-- Data for this task --

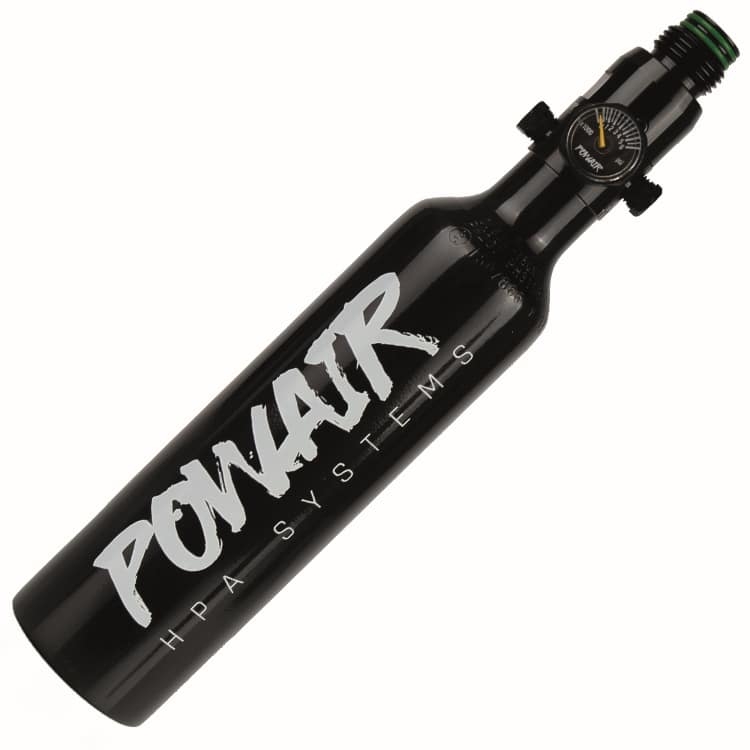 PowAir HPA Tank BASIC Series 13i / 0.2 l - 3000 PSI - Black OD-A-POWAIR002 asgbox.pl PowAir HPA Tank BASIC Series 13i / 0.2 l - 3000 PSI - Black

--

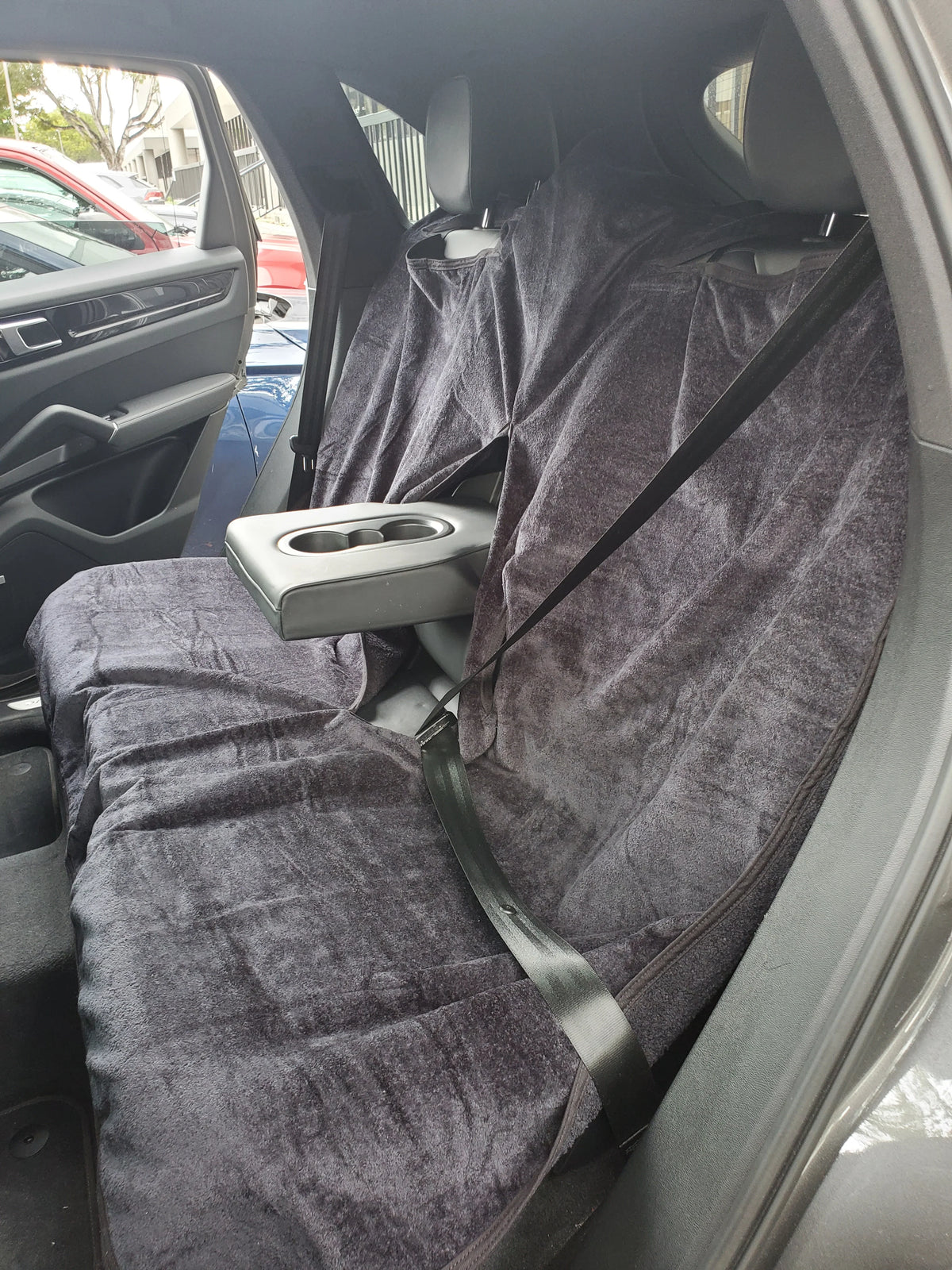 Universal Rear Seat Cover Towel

==

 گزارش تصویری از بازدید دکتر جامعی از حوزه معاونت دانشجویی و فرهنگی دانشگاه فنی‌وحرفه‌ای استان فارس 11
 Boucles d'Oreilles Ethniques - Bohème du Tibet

-- What to do --
Working from the records above, write out verbatim only the lines from the line containing "گزارش تصویری از" through the line containing "Boucles d'Oreilles Ethniques".

-- Task answer --
 گزارش تصویری از بازدید دکتر جامعی از حوزه معاونت دانشجویی و فرهنگی دانشگاه فنی‌وحرفه‌ای استان فارس 11
 Boucles d'Oreilles Ethniques - Bohème du Tibet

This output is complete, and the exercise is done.